Input material:
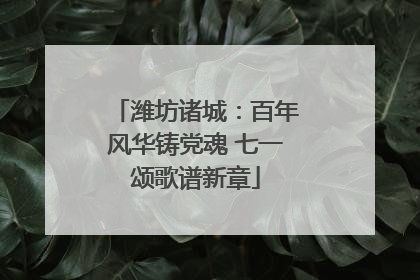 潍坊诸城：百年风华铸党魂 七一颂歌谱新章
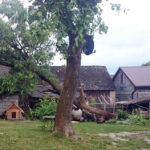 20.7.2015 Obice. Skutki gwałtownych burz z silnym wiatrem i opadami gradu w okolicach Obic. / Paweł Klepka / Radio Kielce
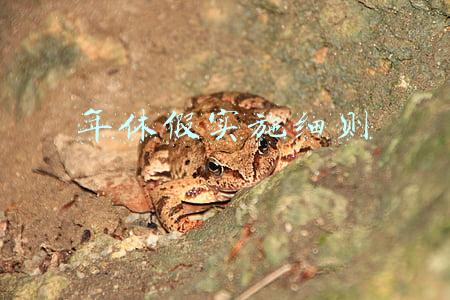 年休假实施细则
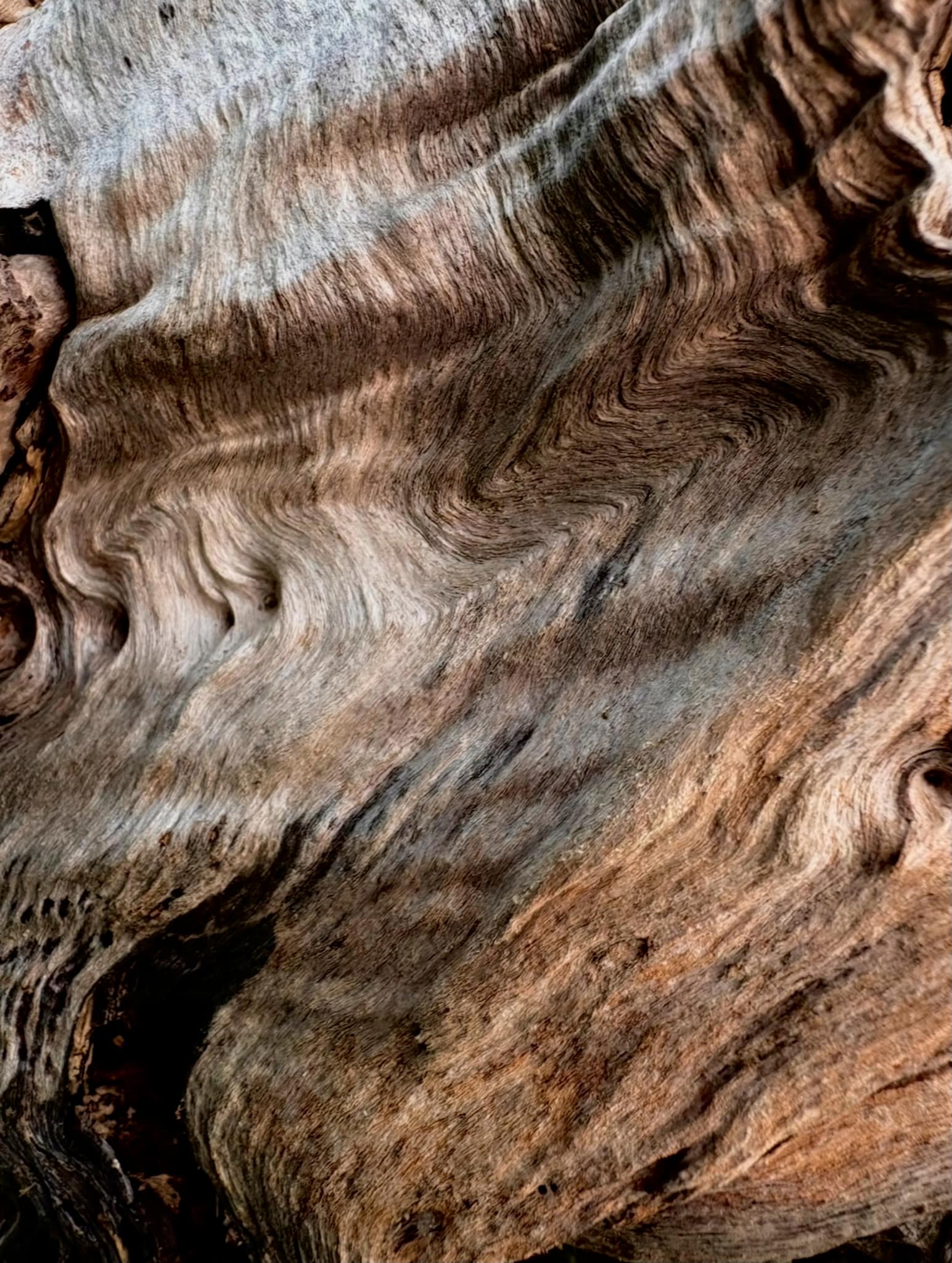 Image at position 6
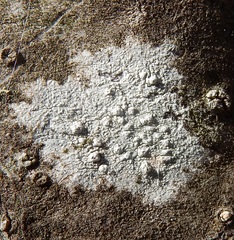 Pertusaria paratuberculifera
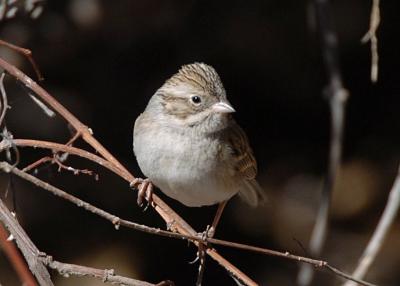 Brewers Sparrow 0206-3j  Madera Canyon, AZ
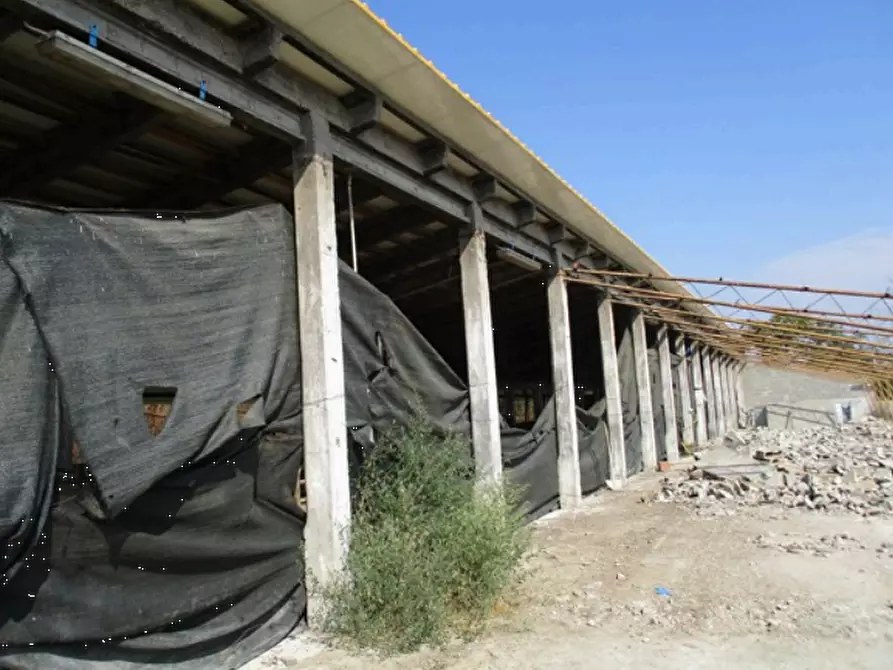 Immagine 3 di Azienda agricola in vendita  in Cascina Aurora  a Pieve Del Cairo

What to work on: Would you return all of the entries unchanged while omitting the images?

Answer to this exercise:
 潍坊诸城：百年风华铸党魂 七一颂歌谱新章
 20.7.2015 Obice. Skutki gwałtownych burz z silnym wiatrem i opadami gradu w okolicach Obic. / Paweł Klepka / Radio Kielce
 年休假实施细则
 Image at position 6
 Pertusaria paratuberculifera
 Brewers Sparrow 0206-3j  Madera Canyon, AZ
 Immagine 3 di Azienda agricola in vendita  in Cascina Aurora  a Pieve Del Cairo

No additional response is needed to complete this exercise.